Quebec's separatist Parti Qu'eb'ecois has a new leader who doesn't sound like a separatist. During the campaign for party leadership, Pierre Marc Johnson -- elected last Sunday -- spoke little of a separate Quebec. He did talk about the economy. ``I believe in a Quebec that works,'' he told the party's convention. Earlier in the campaign he told a business audience that he didn't believe in the state meddling in the economy.
Mr. Johnson, a doctor and a lawyer, has been a minister in Quebec's Cabinet for nine years. In addition to becoming the party's new leader, he also becomes premier of Quebec this week, replacing Ren'e L'evesque who resigned his leadership of the Parti Qu'eb'ecois (PQ) and his seat in Quebec's provincial legislature, the National Assembley.
Johnson is expected to move the party closer to the political center. And, though provincial elections are not scheduled until April 1986, there are party pressures to call an early election, perhaps next month.
The new premier will be sworn in almost 17 years to the day after his father, Daniel Johnson, left the same job. The elder Johnson led a conservative, nationalistic party called the Union Nationale. Many here think the new premier will try to turn the PQ into a new version of his father's party.
In 1976 the PQ was elected to lead the largely French-speaking province out of Canada. That rally was electric, with the dreams and ideals visible in the eyes and faces of the crowd. But those days have gone. It was an older and subdued crowd that elected Johnson.
Business is big in Quebec these days. The business school at the University of Montreal has more students that any in the country and they have been turning out in great numbers to attend rallies of the opposition Liberal Party.
Almost 97,000 people voted for the party's new leader with 58 percent opting for Johnson, under a new procedure which gives every member of the party a vote. The new voting system may have been why there was no excitement, no wheeling and dealing in the corridors. And it made for dull TV.
``It is supposed to be more democratic but I don't think it is,'' said Dalton Camp, a former president of the Conservative Party. ``This just isn't as dynamic as a convention filled with party delegates.''
Guy Bertrand, one of the PQ leadership candidates who favored separatism, received only 3 percent of the vote.

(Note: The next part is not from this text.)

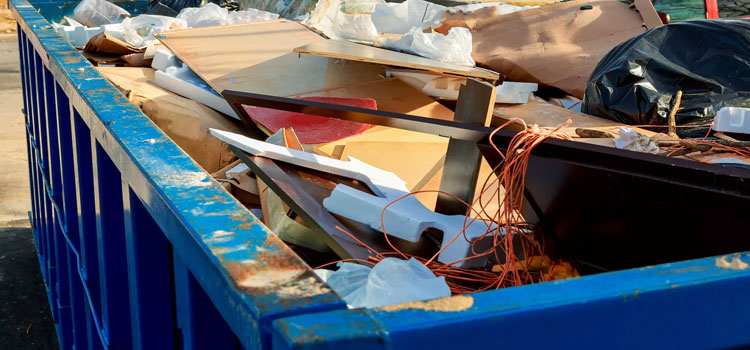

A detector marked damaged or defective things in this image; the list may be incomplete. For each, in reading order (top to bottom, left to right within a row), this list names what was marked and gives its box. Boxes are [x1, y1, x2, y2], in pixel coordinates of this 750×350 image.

The dull convention, a 20-point lead in the polls by the Liberals, and a divided party mean tough work ahead for Johnson. His election may attract more voters to the PQ side, but observers say his more conservative views may put off traditional PQ supporters.
The next campaign has already started. The Liberals, under Robert Bourassa (premier of Quebec from 1970 to 1976), are running ads ridiculing the PQ's economic record. And after winning his party's leadership Sunday night, Johnson wasted no time in attacking the Liberals.